Items from a dataset:
────
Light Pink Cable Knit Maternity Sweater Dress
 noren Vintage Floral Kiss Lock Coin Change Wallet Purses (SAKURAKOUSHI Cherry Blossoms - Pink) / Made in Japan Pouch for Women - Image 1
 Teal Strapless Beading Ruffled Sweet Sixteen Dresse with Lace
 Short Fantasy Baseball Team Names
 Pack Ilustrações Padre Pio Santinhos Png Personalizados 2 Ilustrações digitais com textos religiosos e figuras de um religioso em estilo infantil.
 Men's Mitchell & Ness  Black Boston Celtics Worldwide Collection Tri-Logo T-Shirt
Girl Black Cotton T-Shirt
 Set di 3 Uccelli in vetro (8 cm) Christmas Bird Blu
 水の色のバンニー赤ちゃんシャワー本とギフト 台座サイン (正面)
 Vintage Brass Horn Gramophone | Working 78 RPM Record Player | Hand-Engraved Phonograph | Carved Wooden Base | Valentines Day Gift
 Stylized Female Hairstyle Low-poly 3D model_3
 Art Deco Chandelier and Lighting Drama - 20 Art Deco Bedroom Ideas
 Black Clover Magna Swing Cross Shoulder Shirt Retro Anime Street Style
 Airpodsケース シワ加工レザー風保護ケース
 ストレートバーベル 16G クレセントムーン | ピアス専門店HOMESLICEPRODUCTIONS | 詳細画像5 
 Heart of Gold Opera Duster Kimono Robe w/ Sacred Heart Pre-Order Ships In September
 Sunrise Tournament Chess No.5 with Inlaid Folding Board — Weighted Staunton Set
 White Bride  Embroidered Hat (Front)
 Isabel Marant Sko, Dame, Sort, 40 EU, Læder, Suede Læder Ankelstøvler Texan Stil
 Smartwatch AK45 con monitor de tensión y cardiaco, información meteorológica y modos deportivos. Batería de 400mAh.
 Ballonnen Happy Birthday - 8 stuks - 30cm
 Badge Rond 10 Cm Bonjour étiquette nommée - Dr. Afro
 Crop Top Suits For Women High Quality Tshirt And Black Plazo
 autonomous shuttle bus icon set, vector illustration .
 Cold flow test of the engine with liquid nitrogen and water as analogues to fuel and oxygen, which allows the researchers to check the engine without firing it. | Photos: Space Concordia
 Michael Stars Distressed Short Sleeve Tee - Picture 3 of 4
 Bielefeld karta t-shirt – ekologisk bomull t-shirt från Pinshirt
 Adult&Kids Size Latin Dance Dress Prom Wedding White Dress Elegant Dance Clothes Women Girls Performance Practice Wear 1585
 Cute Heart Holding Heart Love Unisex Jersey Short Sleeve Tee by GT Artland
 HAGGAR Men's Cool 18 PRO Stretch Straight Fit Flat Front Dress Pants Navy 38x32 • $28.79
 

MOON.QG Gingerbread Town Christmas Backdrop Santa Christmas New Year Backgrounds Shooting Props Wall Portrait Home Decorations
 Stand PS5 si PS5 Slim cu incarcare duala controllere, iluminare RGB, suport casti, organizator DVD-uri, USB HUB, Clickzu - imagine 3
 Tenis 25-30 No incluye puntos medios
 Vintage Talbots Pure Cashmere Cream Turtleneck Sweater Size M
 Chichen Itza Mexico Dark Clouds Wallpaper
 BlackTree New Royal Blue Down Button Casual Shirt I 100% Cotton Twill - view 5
────
Line by line, retype all the entries exactly as they are shown.

Light Pink Cable Knit Maternity Sweater Dress
 noren Vintage Floral Kiss Lock Coin Change Wallet Purses (SAKURAKOUSHI Cherry Blossoms - Pink) / Made in Japan Pouch for Women - Image 1
 Teal Strapless Beading Ruffled Sweet Sixteen Dresse with Lace
 Short Fantasy Baseball Team Names
 Pack Ilustrações Padre Pio Santinhos Png Personalizados 2 Ilustrações digitais com textos religiosos e figuras de um religioso em estilo infantil.
 Men's Mitchell & Ness  Black Boston Celtics Worldwide Collection Tri-Logo T-Shirt
Girl Black Cotton T-Shirt
 Set di 3 Uccelli in vetro (8 cm) Christmas Bird Blu
 水の色のバンニー赤ちゃんシャワー本とギフト 台座サイン (正面)
 Vintage Brass Horn Gramophone | Working 78 RPM Record Player | Hand-Engraved Phonograph | Carved Wooden Base | Valentines Day Gift
 Stylized Female Hairstyle Low-poly 3D model_3
 Art Deco Chandelier and Lighting Drama - 20 Art Deco Bedroom Ideas
 Black Clover Magna Swing Cross Shoulder Shirt Retro Anime Street Style
 Airpodsケース シワ加工レザー風保護ケース
 ストレートバーベル 16G クレセントムーン | ピアス専門店HOMESLICEPRODUCTIONS | 詳細画像5 
 Heart of Gold Opera Duster Kimono Robe w/ Sacred Heart Pre-Order Ships In September
 Sunrise Tournament Chess No.5 with Inlaid Folding Board — Weighted Staunton Set
 White Bride  Embroidered Hat (Front)
 Isabel Marant Sko, Dame, Sort, 40 EU, Læder, Suede Læder Ankelstøvler Texan Stil
 Smartwatch AK45 con monitor de tensión y cardiaco, información meteorológica y modos deportivos. Batería de 400mAh.
 Ballonnen Happy Birthday - 8 stuks - 30cm
 Badge Rond 10 Cm Bonjour étiquette nommée - Dr. Afro
 Crop Top Suits For Women High Quality Tshirt And Black Plazo
 autonomous shuttle bus icon set, vector illustration .
 Cold flow test of the engine with liquid nitrogen and water as analogues to fuel and oxygen, which allows the researchers to check the engine without firing it. | Photos: Space Concordia
 Michael Stars Distressed Short Sleeve Tee - Picture 3 of 4
 Bielefeld karta t-shirt – ekologisk bomull t-shirt från Pinshirt
 Adult&Kids Size Latin Dance Dress Prom Wedding White Dress Elegant Dance Clothes Women Girls Performance Practice Wear 1585
 Cute Heart Holding Heart Love Unisex Jersey Short Sleeve Tee by GT Artland
 HAGGAR Men's Cool 18 PRO Stretch Straight Fit Flat Front Dress Pants Navy 38x32 • $28.79
 

MOON.QG Gingerbread Town Christmas Backdrop Santa Christmas New Year Backgrounds Shooting Props Wall Portrait Home Decorations
 Stand PS5 si PS5 Slim cu incarcare duala controllere, iluminare RGB, suport casti, organizator DVD-uri, USB HUB, Clickzu - imagine 3
 Tenis 25-30 No incluye puntos medios
 Vintage Talbots Pure Cashmere Cream Turtleneck Sweater Size M
 Chichen Itza Mexico Dark Clouds Wallpaper
 BlackTree New Royal Blue Down Button Casual Shirt I 100% Cotton Twill - view 5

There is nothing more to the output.